Uri Cohen's Blog

Sunday, February 22, 2009

Scalable SOA with Mule & GigaSpaces

If you missed the joint Webinar Ken Yagen of MuleSource and I did last week, you can find the recorded version here. The demo application shown during the webinar can be downloaded here.
The demo application requires the following to be installed on your machine:

Please note that the Mule/GigaSpaces integration is also available in the latest GigaSpaces GA release (6.6.x), but XAP 6.6.x only supports the Mule 2.0 branch and not 2.1.
The documentation for the integration can be found here (6.6.3) and here (7.0 EA).
If you have any question please drop me a note here or use our online forums .

I would like to take the opportunity and thank Ken and the rest of the team at MuleSource for hosting this webinar and giving us the chance to present the joint solution to the community.

Uri

Tuesday, February 10, 2009

Scalable SOA - with Mule & GigaSpaces

You are welcome to join Ken Yagen, Sr. Director of Engineering at MuleSource, and myself for our joint webinar on scaling your SOA implementation with GigaSpaces and Mule. The webinar will take place on Wednesday, February 11th 2009, at 9am PT / noon ET / 6pm CET.
In this webinar we will introduce the Mule & GigaSpaces joint solution and discuss the underlying details around how this integration works. We will also discuss a real life use case and present a short demo that shows the benefits of this integration.

See you there!

Uri

Tuesday, December 30, 2008

XAP 7.0 Is on the Move!

After the release of GigaSpaces XAP 6.6, we are now deep into the planning and development of our next major release, 7.0. This release, which is due in mid 2009, will include a few major themes, such as significantly better administration and monitoring capabilities, network resources optimizations, highly optimized and flexible local cache, reduced memory footprint, improved deployment model and support for deployment on the cloud.
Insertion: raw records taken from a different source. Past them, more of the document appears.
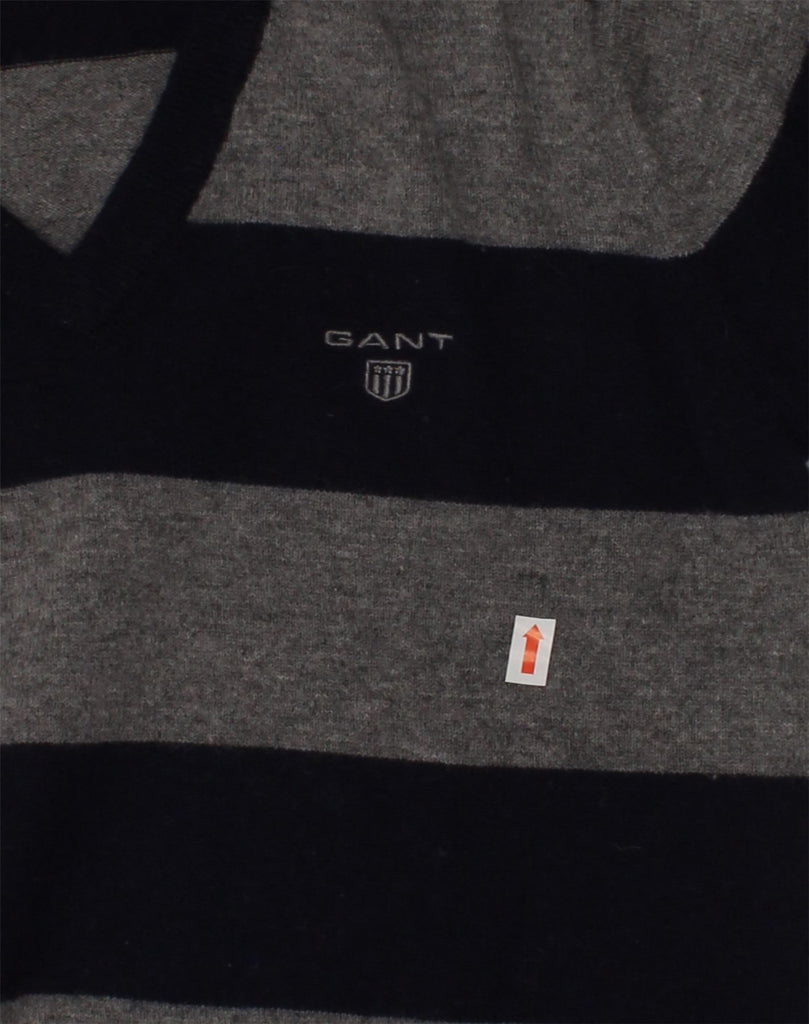 GANT Boys V-Neck Jumper Sweater 7-8 Years Medium  Black Striped Lambswool | Vintage Gant | Thrift | Second-Hand Gant | Used Clothing | Messina Hembry 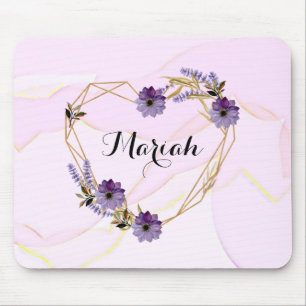 Tapis De Souris Élégant Lavande et Lilac coeur floral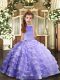 Lavender Backless Evening Gowns Beading and Ruffled Layers Sleeveless Floor Length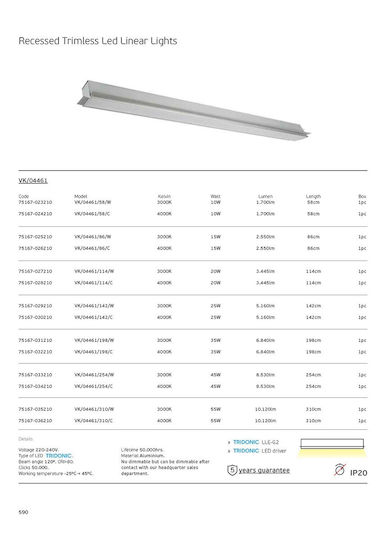 VK Lighting LED Γραμμικό Χωνευτό Φωτιστικό Οροφής Φυσικό Λευκό IP20 Μ86xΒ7εκ.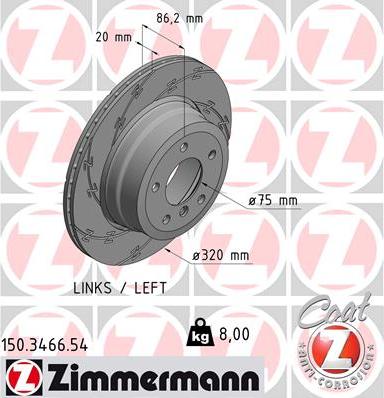 Zimmermann 150.3466.54 - Гальмівний диск avtolavka.club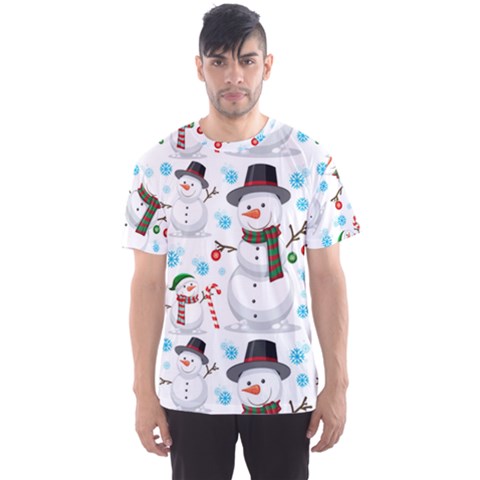 Christmas Snowman Seamless Pattern Men s Sports Mesh Tee by Vaneshart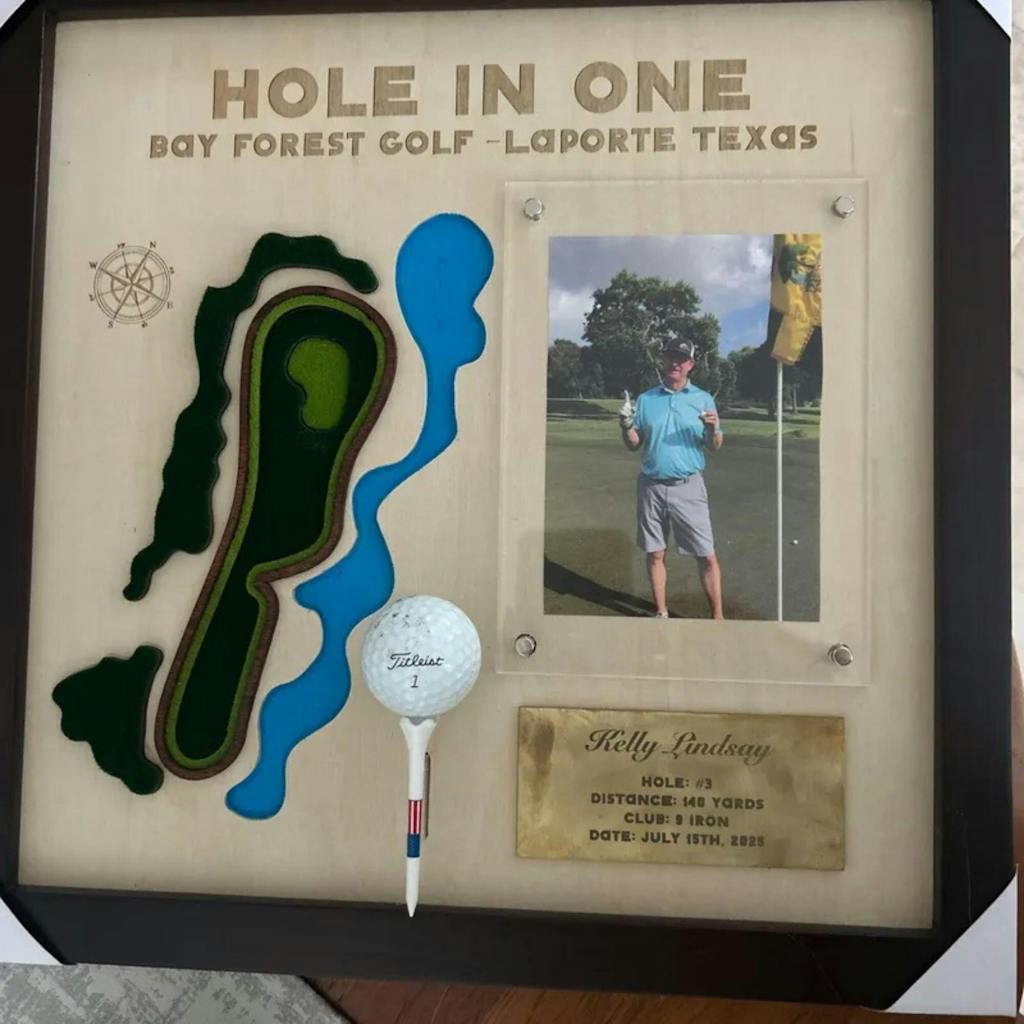 Personalized Hole in One Plaque with Golf Tee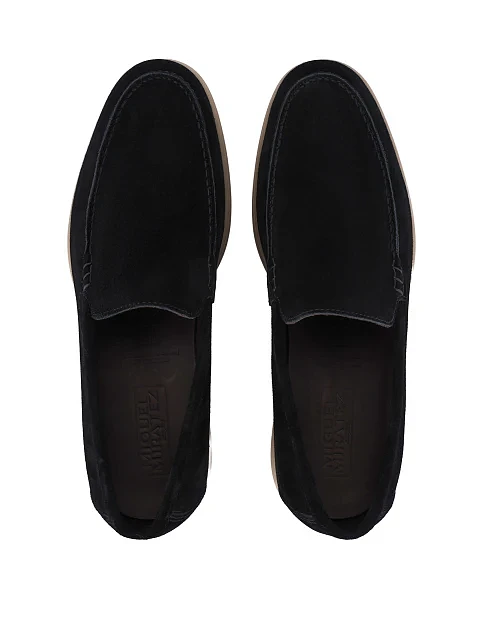 Чоловічі туфлі замшеві чорні - фото 4 - Miraton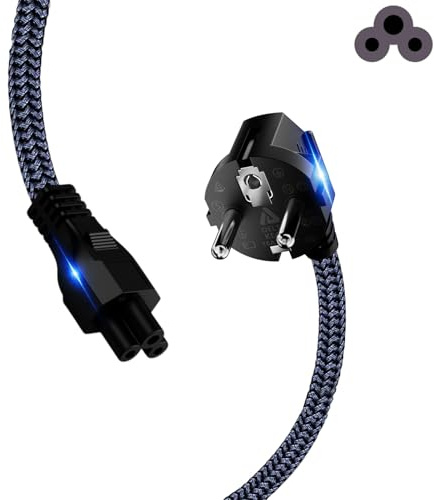 Goalfish Netzkabel 3 Polig 1m, Schutzkontakt Typ F 90°auf C5 Buchse,Grau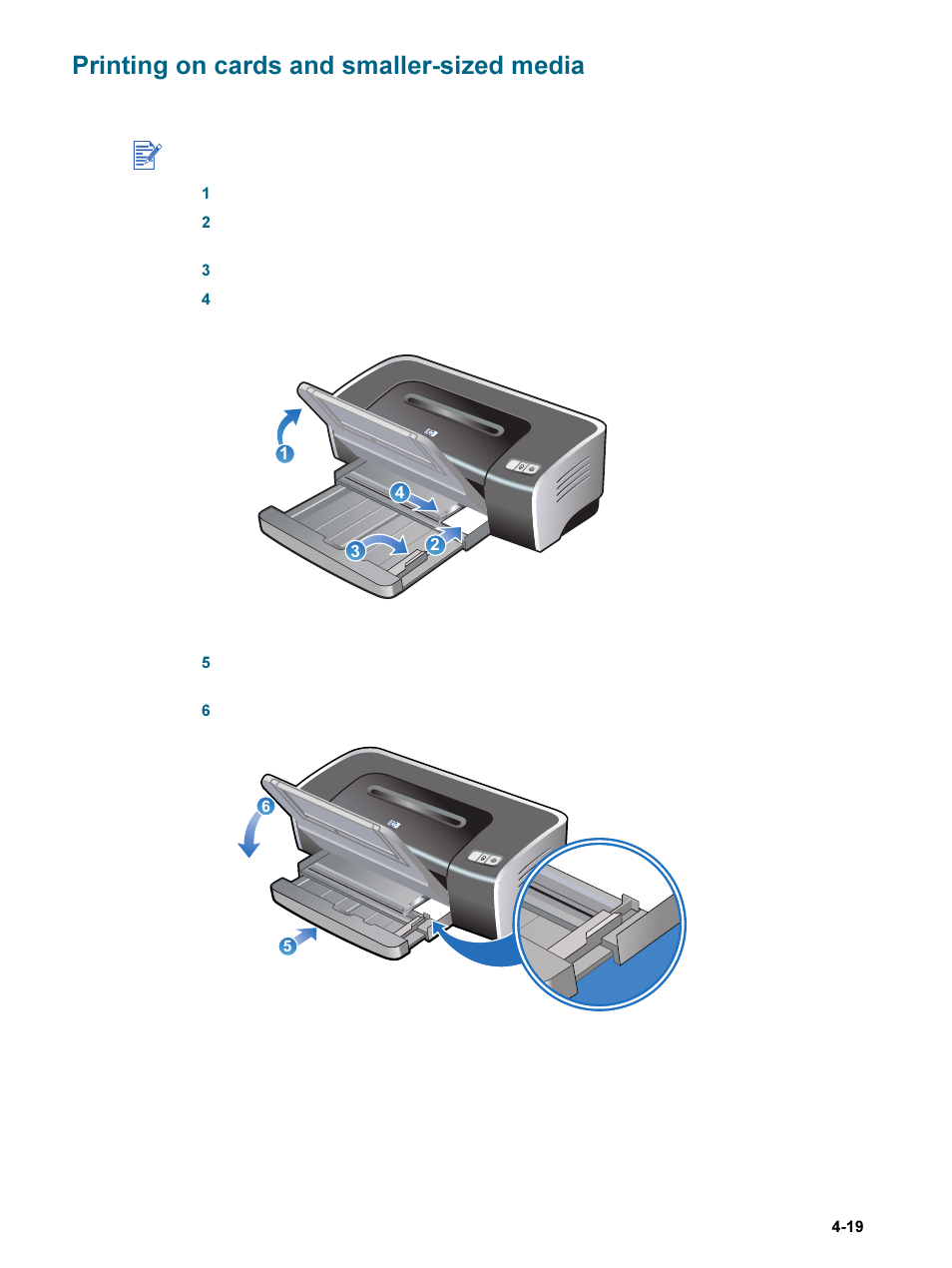 Printing on cards and smaller-sized media, Printing on cards and smaller-sized media -19, Printing | On cards and smaller-sized media | HP 9600 Series User Manual | Page 52 / 123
If you've been following us in the past few years, you know that our R&D is practicing SCRUM for quite a while now as part of the development process. Our head of R&D, Guy Nirpaz, has talked about it numerous times to both our users and the development community at large. The nature of SCRUM and the fact that it's composed of sprints enable us to share recently developed features with our community, as we've done in the past for versions 6.5 and 6.6.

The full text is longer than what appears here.